Required work:
What's needed is an exact copy of the lines from the one that contains "this 160×240 image." to the end of the data below, leaving the pictures out.
╭─ Entries provided
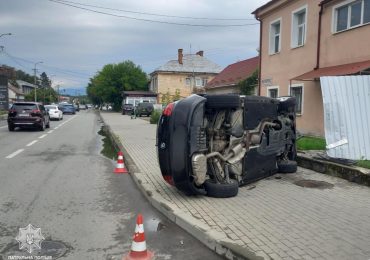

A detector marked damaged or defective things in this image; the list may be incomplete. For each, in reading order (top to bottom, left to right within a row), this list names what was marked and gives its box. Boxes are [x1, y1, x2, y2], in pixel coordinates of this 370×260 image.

overturned car [156, 94, 298, 198]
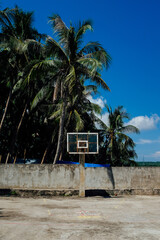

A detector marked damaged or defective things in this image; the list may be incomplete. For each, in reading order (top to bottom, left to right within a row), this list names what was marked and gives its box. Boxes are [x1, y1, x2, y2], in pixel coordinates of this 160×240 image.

cracked concrete ground [0, 195, 160, 240]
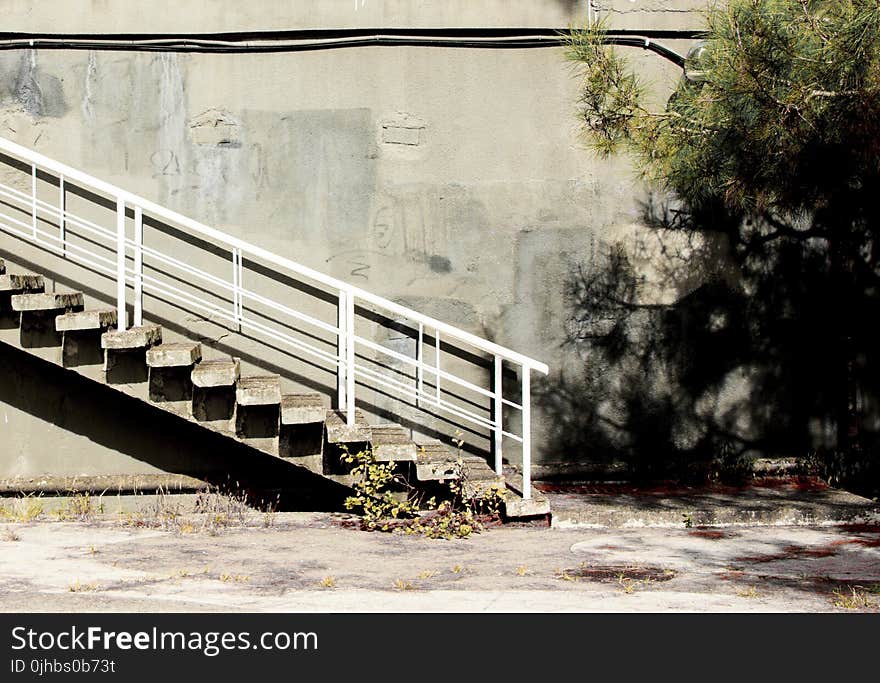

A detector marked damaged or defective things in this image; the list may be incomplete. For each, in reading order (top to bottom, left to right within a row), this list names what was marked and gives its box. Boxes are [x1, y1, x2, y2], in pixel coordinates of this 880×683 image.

cracked concrete ground [0, 508, 876, 616]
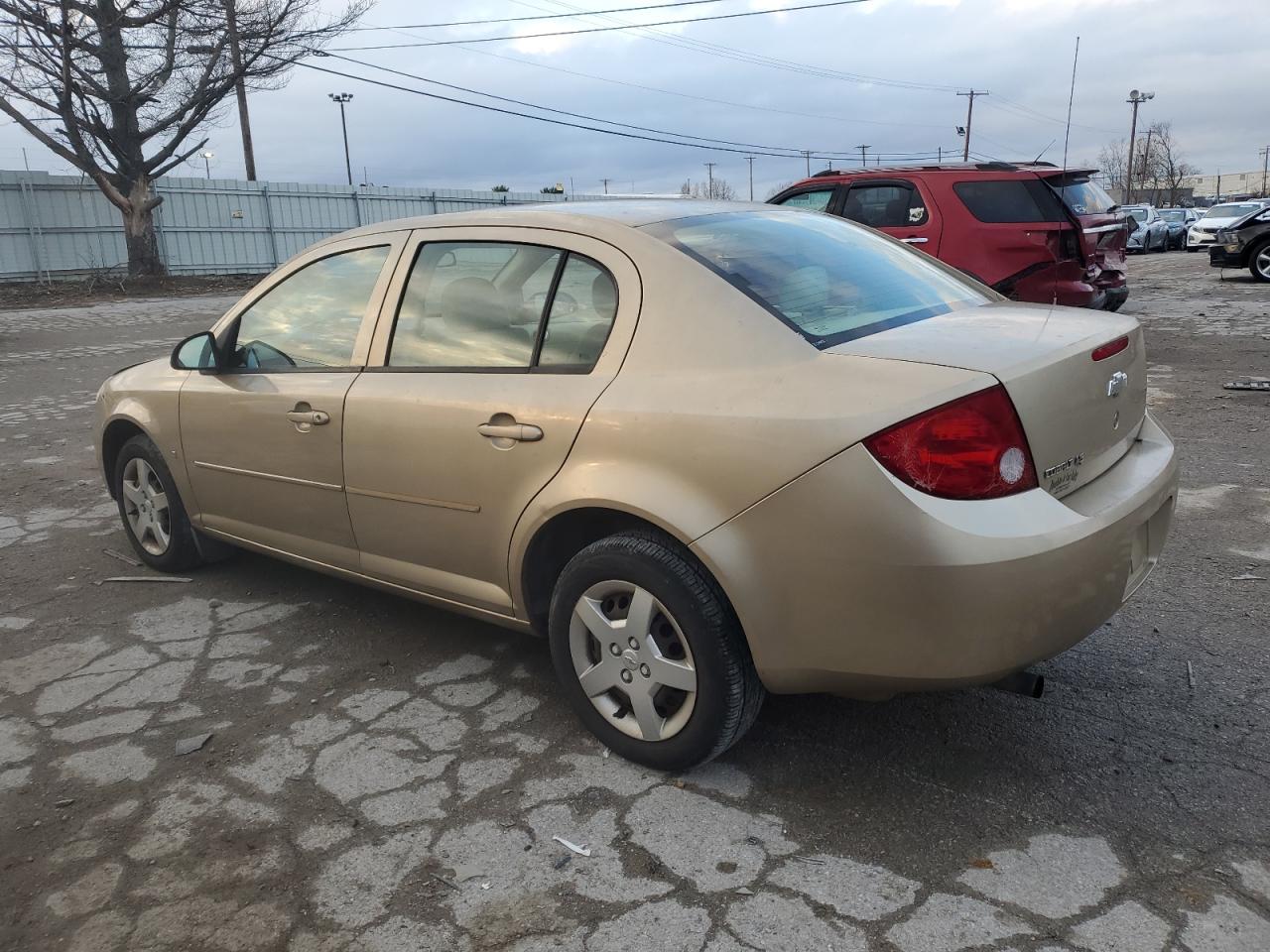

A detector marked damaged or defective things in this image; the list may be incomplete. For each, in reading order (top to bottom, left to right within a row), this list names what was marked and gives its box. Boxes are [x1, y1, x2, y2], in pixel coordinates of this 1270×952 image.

damaged rear of suv [762, 164, 1132, 313]
cracked concrete ground [2, 254, 1270, 952]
╰─
Worked solution:
A detector marked damaged or defective things in this image; the list may be incomplete. For each, in reading order (top to bottom, left to right within a row), this list names what was marked and gives its box. Boxes are [x1, y1, x2, y2], in pixel coordinates of this 160×240 image.

cracked concrete ground [0, 195, 160, 240]

A detector marked damaged or defective things in this image; the list may be incomplete. For each, in reading order (top to bottom, left to right within a row), this list names what was marked and gives its box. Boxes are [x1, y1, x2, y2], in pixel coordinates of this 880×683 image.

cracked concrete ground [0, 508, 876, 616]

A detector marked damaged or defective things in this image; the list may be incomplete. For each, in reading order (top to bottom, left to right within a row), this list names what was marked and gives its box. Boxes are [x1, y1, x2, y2], in pixel coordinates of this 1270×952 image.

damaged rear of suv [762, 164, 1132, 313]
cracked concrete ground [2, 254, 1270, 952]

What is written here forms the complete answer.